La Palme d'or de Weerasethakul, Oncle Boonmee (celui qui se souvient de ses vies antérieures) était déjà un coffre extraordinaire s'ouvrant sur un imaginaire sans limite. On y croisait des fantômes et des hommes-singes. La part d'imaginaire est tout aussi importante dans Cemetery of Splendour, mais le traitement est inverse. Les seules créatures merveilleuses qui apparaitront à l'écran sont de vieilles statues géantes et usées de dinosaures et de lions. On croisera bien des déesses immortelles, mais celles-ci ressemblent aux autres jeunes femmes. Pour ceux qui savent regarder, la magie est partout. Weerasethakul confie que la découverte du matériel médical de ses parents médecins constituait déjà un contact avec la magie. Ecouter un battement de coeur avec un stéthoscope, découvrir un autre monde à travers un microscope. Cemetery of Splendour, sans passer par de tels ustensiles, propose lui aussi un voyage intérieur.
"On ne peut pas empêcher les rêves, comme on ne peut empêcher les pensées". Il arrive un moment où l'on ne sait plus trop (spectateurs comme personnages) ce qui tient du rêve ou de la réalité dans Cemetery of Splendour. Peu importe: le rêve est aussi réel que la vie de tous les jours. Le merveilleux chez Weerasethakul transcende le quotidien dans cette ville, dit-on, ennuyeuse à mourir. La jungle hier abritait toutes sortes de créatures ; les lieux ici conservent leur importance. L'énergie vient de l'environnement, et - idée d'une poésie folle - un cimetière de rois continue à exercer son influence sur les protagonistes. Le décor de cette petite ville, familier de Weerasethakul, est une mémoire, comme celle de la crue encore visible sur les troncs d'arbres. Et puis il y a les traces qu'on ne voit pas: la promenade dans un palais invisible, où les feuilles mortes au sol se transforment en marbre rose. Décidément, dans un parti-pris presque politique, le monde intérieur fait autant partie de la vie que le monde qu'on voit.
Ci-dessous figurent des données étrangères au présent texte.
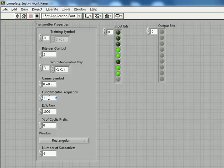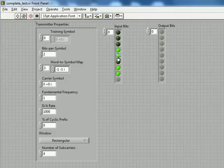A fundamental frequency of one, one kHz D to A rate, rectangular window with four subcarriers, and just a binary count, and we'll hopefully get the same output bits out.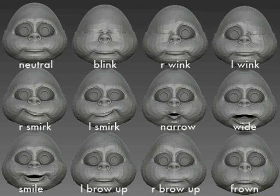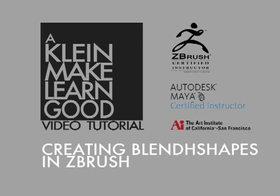So continuing on, I can make a whole variety of blend shapes pretty quickly — narrow, wide, frown, brows up, brows down, and additional shapes I've also made for this face. I hope you find this technique useful in creating blend shapes for usage inside programs like Modo, Maya, or 3D Studio Max for your animation process. Again, this has been Andrew Klein. For more videos, please visit KleinMakeLearnGood.com or AndrewKlein.net. Thank you very much — hope you enjoy the tutorial.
Lors de la séquence la plus hallucinante du film, moment d'hypnose plastique, les fondus et superpositions s'enchainent lentement, la nuit semble prête à révéler ses mystères, la lumière change (là encore) en un battement de coeur. On teste sur les soldats une thérapie par la lumière. Qui dit lumière dit cinéma et ce n'est pas un hasard si ladite séquence présente des garçons et des filles qui se rendent dans des salles. Il y a ici une foi en l'imaginaire comme une foi dans les contes et une foi dans le cinéma et ses possibilités infinies. Comme celle de laisser des trous, lorsqu'on ouvre un carnet aux pages blanches d'où surgit un "BONJOUR". Comme celle d'en rire avec cette mamie un peu revêche, cette medium qui pourrait être agent du FBI, ces soldats beaux comme Clark Kent. Comme celle, par la seule force de la mise en scène, par sa beauté et par sa grâce, de créer du fantastique sans une trace de fantastique.